Comics, Communism and the Battles of Lev Gleason
by Brett Dakin
Lev Gleason was Dakin’s grand-uncle. Some of my favorite biographies are written by those directly related to the subjects. (Recommended examples include The Vapors by David Hill and On Her Own Ground by A’Lelia Bundles.) The strengths of having a personal connection to a biographical subject are on nice display here.
Gleason was no ordinary comic book publisher; he was also a vibrant anti-fascist organizer, a suburban liberal who was eventually targeted by the federal government in the early years of the Red Scare.
Gleason was one of America’s most successful early comic book publishers. At first, like so many others*, he dabbled in superhero comics with heroes such as Daredevil — not related to Marvel’s later incarnation — and Silver Streak. Real-life enemies such as Adolf Hitler met their match in these colorful pages.
But his real notoriety came in adapting to a new genre — the true crime comic book. With his landmark Crime Does Not Pay, readers experienced stark violence, depravity and vice from a more unsettling vantage.
“What was unique about Lev’s contribution,” writes Dakin, “was that, rather than focusing on the detectives and the police, the tales in Crime revolved around the criminals themselves….
“At the end of every issue, it is true, the criminal was caught, and Mr. Crime [the story’s omniscient narrator] reminded the reader of the dangers of a life of crime. But by that point, the reader had come to know the criminal, and perhaps, to sympathize with him.”
This put Gleason in direct opposition with moral reformers of the day, who saw comic books as disreputable and corrupting influences. By the 1950s publishers were testifying to Senate sub-committees in defense of their industry.

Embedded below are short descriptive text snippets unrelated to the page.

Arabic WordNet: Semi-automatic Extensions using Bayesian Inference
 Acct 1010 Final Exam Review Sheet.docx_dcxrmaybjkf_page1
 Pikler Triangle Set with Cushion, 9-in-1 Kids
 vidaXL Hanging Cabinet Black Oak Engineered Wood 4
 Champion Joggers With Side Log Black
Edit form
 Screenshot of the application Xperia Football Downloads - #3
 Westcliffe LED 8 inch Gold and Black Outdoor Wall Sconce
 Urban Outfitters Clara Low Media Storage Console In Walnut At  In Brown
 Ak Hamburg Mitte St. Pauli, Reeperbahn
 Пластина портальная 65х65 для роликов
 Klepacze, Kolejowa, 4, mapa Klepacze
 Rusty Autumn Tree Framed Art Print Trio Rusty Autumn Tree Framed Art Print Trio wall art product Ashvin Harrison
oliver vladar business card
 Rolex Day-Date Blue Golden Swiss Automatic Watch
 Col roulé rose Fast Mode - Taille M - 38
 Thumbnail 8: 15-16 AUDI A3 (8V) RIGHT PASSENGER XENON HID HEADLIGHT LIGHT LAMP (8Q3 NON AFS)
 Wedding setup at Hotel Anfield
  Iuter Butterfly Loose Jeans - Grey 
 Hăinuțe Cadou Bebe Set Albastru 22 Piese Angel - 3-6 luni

But it was Gleason’s involvement in progressive publications and with anti-fascist organizations such as the Joint Anti-Fascist Refugee Committee that got him marked by the House Un-American Activities Committee, “created in 1938 to investigate alleged disloyalty and rebel activities on the part of private citizens, public employees and organizations suspected of having Communist ties.” [source]
Dakin creates a sharp and intriguing portrait of Gleason, taking the reader along on the journey to discovering his grand-uncle’s story.
From a narrative perspective, I found the personal asides to be the book’s greatest strength. If you plunged into the dark corners of your own family tree, what fascinating figure might you discover?